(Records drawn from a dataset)
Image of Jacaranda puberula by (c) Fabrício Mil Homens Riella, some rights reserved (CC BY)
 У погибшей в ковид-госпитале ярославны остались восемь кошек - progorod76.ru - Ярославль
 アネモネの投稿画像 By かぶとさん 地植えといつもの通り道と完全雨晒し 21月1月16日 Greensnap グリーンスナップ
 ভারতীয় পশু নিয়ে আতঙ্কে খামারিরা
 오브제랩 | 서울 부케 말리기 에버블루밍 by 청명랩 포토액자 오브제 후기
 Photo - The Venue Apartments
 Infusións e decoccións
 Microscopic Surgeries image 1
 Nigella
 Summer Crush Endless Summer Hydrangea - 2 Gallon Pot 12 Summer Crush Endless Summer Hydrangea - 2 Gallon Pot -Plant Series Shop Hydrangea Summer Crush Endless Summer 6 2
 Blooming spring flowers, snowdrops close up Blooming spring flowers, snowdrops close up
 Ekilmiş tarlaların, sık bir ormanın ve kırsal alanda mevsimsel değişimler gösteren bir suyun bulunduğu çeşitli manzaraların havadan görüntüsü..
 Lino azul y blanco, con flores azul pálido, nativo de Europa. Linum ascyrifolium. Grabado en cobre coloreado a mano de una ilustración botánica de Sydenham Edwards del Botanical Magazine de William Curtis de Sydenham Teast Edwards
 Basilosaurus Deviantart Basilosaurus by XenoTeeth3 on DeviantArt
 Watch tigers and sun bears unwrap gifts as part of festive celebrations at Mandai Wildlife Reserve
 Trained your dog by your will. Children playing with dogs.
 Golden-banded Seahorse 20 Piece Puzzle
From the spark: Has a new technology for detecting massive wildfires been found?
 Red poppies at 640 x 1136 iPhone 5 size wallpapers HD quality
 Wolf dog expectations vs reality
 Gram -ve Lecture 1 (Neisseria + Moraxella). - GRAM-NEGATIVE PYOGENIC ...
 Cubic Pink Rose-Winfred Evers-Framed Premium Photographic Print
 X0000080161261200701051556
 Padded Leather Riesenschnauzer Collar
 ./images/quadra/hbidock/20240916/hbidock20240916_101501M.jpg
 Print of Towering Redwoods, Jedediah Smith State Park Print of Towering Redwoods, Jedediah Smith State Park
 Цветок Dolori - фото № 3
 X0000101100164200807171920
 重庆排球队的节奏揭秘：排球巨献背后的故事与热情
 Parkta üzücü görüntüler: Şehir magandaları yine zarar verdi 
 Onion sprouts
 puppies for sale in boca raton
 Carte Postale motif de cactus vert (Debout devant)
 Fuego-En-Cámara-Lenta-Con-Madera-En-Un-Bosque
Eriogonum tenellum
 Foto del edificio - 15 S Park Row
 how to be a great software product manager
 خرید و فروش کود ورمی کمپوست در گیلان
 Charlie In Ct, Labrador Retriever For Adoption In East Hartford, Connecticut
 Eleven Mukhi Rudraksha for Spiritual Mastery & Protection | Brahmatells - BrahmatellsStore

Assignment
What is needed is each line from the records with the word "Print" in it.

Solution for this problem
 Cubic Pink Rose-Winfred Evers-Framed Premium Photographic Print
 Print of Towering Redwoods, Jedediah Smith State Park Print of Towering Redwoods, Jedediah Smith State Park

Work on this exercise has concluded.